Other changes include improvements to the Cloudwatch data source, query caching in Grafana Enterprise, and support for template variables in Grafana Enterprise reports. More details can be found in the release notes.

PyTorch gets performance analysis and troubleshooting tool

The PyTorch project team has announced PyTorch Profiler as part of the PyTorch 1.8.1 release. This is an open-source tool that enables accurate and efficient performance analysis and troubleshooting for large-scale deep learning models. It has been developed as part of collaboration between Microsoft and Facebook

According to the Pytorch team, PyTorch Profiler brings together information about PyTorch operations and GPU hardware level information, correlates them, performs automatic detection of bottlenecks in the model, and generates recommendations on how to resolve them. The new Profiler API is natively supported in PyTorch and a lets users profile their models without installing any additional packages and see results immediately in TensorBoard, thanks to the new PyTorch Profiler plugin.

Rust 1.51.0 adds const generics

Version 1.51.0 of the Rust programming language is now available. One of the major changes is the inclusion of const generics, said to be one of the most highly anticipated features of the language. According to the Rust team, previous releases allowed users to have their types be parameterised over lifetimes or types, but it was not possible to easily be generic over the values of those types. The change now allows an array struct that’s generic over its type and its length.

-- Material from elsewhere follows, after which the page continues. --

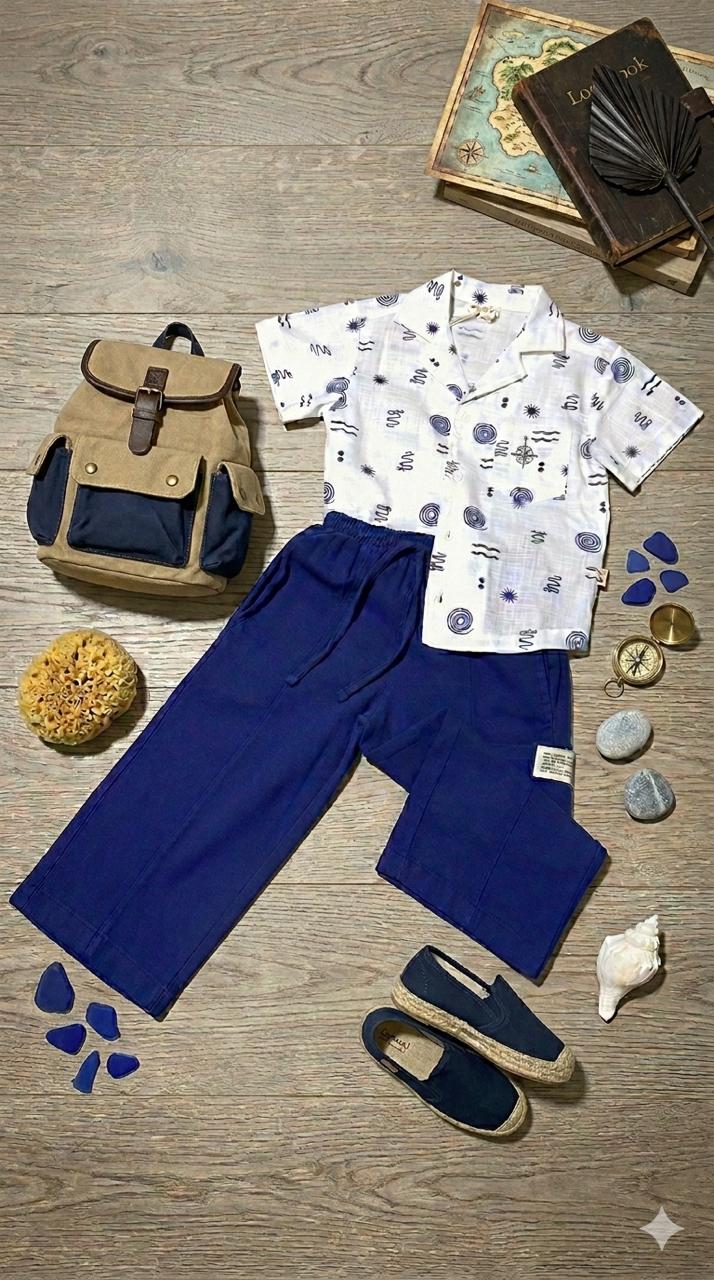 Ocean Whirl Button-Up Shirt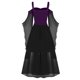 thumbnail image 4 of Womens Halloween Costumes 2024 Cosplay Gothic Dresses Women Plus Size Cold Shoulder Butterfly Sleeve Halloween Gothic Dress, 4 of 7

As part of const generics stabilising, the Rust team is also stabilising a new API that uses it; std::array::IntoIter. IntoIter allows users to create a by value iterator over any array. Previously there wasn’t a convenient way to iterate over owned values of an array, only references to them.

HashiCorp Vault 1.7

HashiCorp has been busy as well and put Vault 1.7 out into the world. The latest version of its tool for storing and controlling access to secrets, such as API keys, passwords, or certificates, focuses on improving Vault’s core workflows and making key features production-ready for customer use cases. This includes an Integrated Storage Autopilot for a more operator-friendly experience; a Key Management Secrets Engine with support for Azure Key Vault and beta support for AWS KMS; plus a user interface to configure database secrets engines and dynamic database credential generations for MongoDB.

CircleCI server 3.x available for CI/CD projects

CircleCI server 3.x is now available to all CircleCI customers. The self-hosted enterprise-focused Kubernetes solution has been designed to meet the strictest security, compliance, and regulatory restraints as well as scaling well under heavy workloads. See the CircleCI overview for details.

According to the firm, Server 3.x allows customers to monitor their installations with standard Kubernetes tools like Grafana, Prometheus, Loki, and more. Teams can also integrate their own monitoring solutions through Telegraf. Self-host customers are also able to able to access the latest CircleCI features at the same time as those using the cloud-hosted version offering. This includes pipelines, orbs, matrix jobs, scheduled workflows, and more.